1.1 Compensation. For performing the services described in Section 4 of
this Services Agreement, TXEN shall pay Xxxxxxx Research an annual fee equal to
2.4% of operating expenses less cost of goods sold defined as direct materials
and purchased labor. Such amount shall be prorated on a daily basis for any
partial year. This fee is intended to compensate Xxxxxxx Research for TXEN's pro
rata share of the aggregate costs incurred by Xxxxxxx Research in connection
with the provision of such services to other subsidiaries and operating
divisions. The fee may be adjusted at any time by mutual agreement of Xxxxxxx
Research and TXEN.
1.2 Additional Services. In addition to the services listed in Section
4, certain other administrative and technical services contemplated under this
Agreement may be rendered by Xxxxxxx Research to TXEN if requested by TXEN.
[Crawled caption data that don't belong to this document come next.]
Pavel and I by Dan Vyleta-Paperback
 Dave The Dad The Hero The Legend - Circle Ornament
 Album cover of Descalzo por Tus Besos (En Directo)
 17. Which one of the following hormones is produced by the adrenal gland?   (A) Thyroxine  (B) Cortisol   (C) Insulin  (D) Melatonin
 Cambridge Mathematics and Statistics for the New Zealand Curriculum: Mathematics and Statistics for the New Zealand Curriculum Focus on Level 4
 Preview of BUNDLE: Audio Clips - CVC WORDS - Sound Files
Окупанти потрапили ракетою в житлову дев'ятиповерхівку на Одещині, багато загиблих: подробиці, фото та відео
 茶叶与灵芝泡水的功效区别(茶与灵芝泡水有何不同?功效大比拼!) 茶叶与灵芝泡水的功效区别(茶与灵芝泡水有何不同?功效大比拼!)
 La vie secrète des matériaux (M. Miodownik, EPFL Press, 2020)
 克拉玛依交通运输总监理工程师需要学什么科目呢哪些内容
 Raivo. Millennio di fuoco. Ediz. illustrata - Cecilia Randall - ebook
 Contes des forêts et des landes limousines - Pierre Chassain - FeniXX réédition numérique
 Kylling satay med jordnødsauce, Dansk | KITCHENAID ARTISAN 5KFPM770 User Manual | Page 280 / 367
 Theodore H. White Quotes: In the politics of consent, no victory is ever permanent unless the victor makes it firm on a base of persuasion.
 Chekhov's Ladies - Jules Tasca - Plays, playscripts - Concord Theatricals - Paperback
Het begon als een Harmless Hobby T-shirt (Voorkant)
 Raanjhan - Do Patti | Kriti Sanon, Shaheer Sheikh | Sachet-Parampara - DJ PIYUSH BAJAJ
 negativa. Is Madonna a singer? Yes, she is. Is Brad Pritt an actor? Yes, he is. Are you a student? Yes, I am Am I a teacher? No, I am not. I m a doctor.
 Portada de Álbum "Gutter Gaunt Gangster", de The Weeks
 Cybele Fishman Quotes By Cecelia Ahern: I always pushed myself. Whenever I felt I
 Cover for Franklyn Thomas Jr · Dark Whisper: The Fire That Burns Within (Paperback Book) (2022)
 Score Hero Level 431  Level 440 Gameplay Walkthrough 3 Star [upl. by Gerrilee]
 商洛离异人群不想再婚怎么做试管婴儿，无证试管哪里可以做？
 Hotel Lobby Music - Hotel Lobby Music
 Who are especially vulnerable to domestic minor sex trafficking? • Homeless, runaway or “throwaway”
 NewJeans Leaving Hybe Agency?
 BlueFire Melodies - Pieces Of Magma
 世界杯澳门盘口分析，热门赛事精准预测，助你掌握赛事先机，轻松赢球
These services may include, but are limited to, services specifically requested
by TXEN or services which, in the judgment of Xxxxxxx Research, are not routine
administrative services or create unusual burdens or demands on the resources of
Xxxxxxx Research, such as support for litigation, acquisitions, securities
offerings, tax audits, and corporate development. TXEN shall be under no
obligation to contract with Xxxxxxx Research for such services and may perform
such services or may contract with a third party for such services. In the event
TXEN contracts with Xxxxxxx Research for such additional services, TXEN shall
pay Xxxxxxx Research an amount equal to the cost incurred to perform such
services, plus a reasonable fee as agreed to by the parties. The costs incurred
to perform such services shall include out-of-pocket expenses and an allocable
share of overhead and general administrative expenses.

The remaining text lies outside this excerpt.